What is expected >> Find the line in the entries below that contains "河南这些地区中到大雨!局部暴雨!警惕防范→ 河南这些地区". Repeat it exactly, and every line after it through the line that contains "Current forecast for".

=== Working data ===

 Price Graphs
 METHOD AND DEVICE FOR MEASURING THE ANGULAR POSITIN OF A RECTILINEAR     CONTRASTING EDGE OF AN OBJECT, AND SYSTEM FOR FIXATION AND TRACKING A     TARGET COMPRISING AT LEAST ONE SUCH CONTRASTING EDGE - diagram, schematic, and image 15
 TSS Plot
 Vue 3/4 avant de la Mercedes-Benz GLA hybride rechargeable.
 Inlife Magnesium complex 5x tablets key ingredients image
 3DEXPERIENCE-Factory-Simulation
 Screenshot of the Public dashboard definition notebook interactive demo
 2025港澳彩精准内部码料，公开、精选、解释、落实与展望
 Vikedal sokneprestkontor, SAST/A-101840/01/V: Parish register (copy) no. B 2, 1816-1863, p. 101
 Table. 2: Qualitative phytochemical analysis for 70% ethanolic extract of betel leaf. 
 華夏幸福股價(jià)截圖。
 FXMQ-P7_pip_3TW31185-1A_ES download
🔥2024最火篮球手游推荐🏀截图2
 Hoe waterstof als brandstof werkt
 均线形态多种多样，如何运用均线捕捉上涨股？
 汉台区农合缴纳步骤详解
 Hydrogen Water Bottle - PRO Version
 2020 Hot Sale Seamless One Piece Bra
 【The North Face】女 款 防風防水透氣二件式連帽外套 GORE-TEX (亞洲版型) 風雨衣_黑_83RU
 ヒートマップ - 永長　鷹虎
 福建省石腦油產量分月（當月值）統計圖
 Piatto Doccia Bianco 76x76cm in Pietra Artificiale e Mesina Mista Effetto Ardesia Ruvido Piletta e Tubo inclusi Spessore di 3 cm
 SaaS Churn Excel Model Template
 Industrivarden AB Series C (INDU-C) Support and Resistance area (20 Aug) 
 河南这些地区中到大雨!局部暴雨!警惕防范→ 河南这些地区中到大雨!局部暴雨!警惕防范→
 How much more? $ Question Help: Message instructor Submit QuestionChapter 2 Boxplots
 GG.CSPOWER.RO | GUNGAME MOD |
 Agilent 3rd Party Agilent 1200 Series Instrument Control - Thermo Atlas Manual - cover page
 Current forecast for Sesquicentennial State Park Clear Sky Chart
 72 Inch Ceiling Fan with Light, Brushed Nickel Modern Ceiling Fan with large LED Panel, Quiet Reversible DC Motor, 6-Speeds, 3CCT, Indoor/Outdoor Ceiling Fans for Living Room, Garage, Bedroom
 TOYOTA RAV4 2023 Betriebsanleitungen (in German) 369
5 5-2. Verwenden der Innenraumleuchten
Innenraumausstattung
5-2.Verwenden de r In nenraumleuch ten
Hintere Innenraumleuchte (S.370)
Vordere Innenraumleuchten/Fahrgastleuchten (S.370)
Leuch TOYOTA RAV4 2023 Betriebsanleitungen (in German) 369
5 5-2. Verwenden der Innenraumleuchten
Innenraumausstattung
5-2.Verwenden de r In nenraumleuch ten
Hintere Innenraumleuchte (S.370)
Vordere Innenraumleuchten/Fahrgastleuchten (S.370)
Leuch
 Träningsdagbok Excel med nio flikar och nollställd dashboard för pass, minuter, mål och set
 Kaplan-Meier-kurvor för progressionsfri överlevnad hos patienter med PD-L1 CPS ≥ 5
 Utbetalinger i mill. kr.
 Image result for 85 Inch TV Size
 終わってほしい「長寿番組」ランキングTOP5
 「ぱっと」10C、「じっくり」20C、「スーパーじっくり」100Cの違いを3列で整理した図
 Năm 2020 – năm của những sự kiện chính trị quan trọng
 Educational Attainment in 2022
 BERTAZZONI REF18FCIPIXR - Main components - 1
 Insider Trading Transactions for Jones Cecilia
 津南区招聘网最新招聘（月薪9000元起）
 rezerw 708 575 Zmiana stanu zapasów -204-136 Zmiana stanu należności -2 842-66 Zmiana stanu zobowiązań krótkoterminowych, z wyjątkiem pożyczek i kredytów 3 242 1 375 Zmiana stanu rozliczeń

===

Task result >>
 河南这些地区中到大雨!局部暴雨!警惕防范→ 河南这些地区中到大雨!局部暴雨!警惕防范→
 How much more? $ Question Help: Message instructor Submit QuestionChapter 2 Boxplots
 GG.CSPOWER.RO | GUNGAME MOD |
 Agilent 3rd Party Agilent 1200 Series Instrument Control - Thermo Atlas Manual - cover page
 Current forecast for Sesquicentennial State Park Clear Sky Chart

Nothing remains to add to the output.